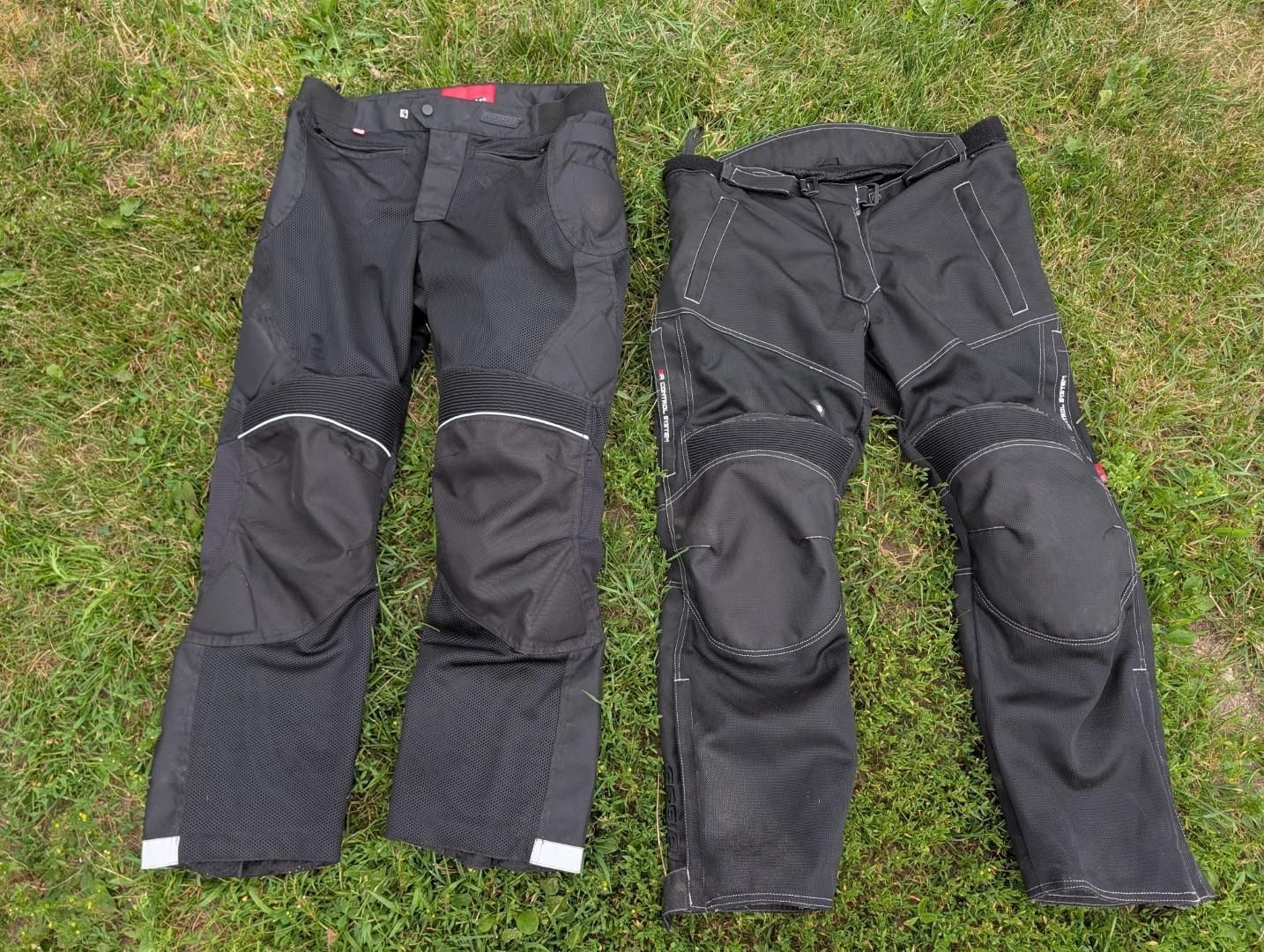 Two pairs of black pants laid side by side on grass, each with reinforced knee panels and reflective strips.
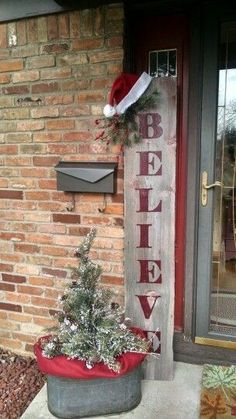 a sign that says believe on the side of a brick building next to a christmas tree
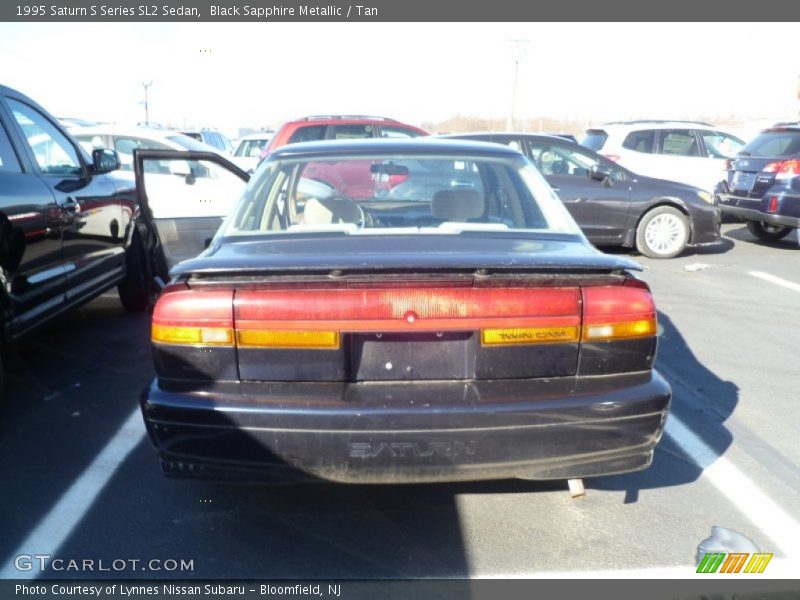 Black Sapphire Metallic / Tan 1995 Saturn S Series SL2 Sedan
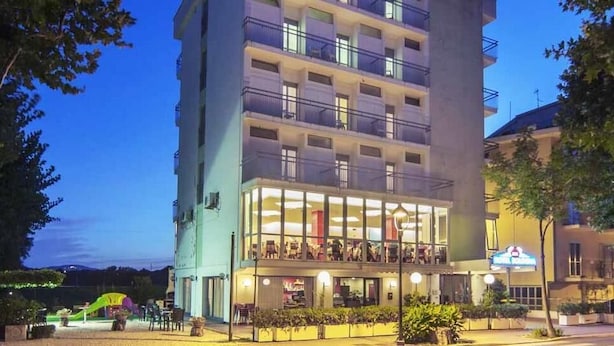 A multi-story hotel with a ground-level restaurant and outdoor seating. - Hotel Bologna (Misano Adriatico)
::::::::
→ **PROBLEM REQUIREMENTS**: Word for word, restate the material above; do not carry over the pictures.

→ **RESULT FOR THIS EXERCISE**:
 Two pairs of black pants laid side by side on grass, each with reinforced knee panels and reflective strips.
 a sign that says believe on the side of a brick building next to a christmas tree
 Black Sapphire Metallic / Tan 1995 Saturn S Series SL2 Sedan
 A multi-story hotel with a ground-level restaurant and outdoor seating. - Hotel Bologna (Misano Adriatico)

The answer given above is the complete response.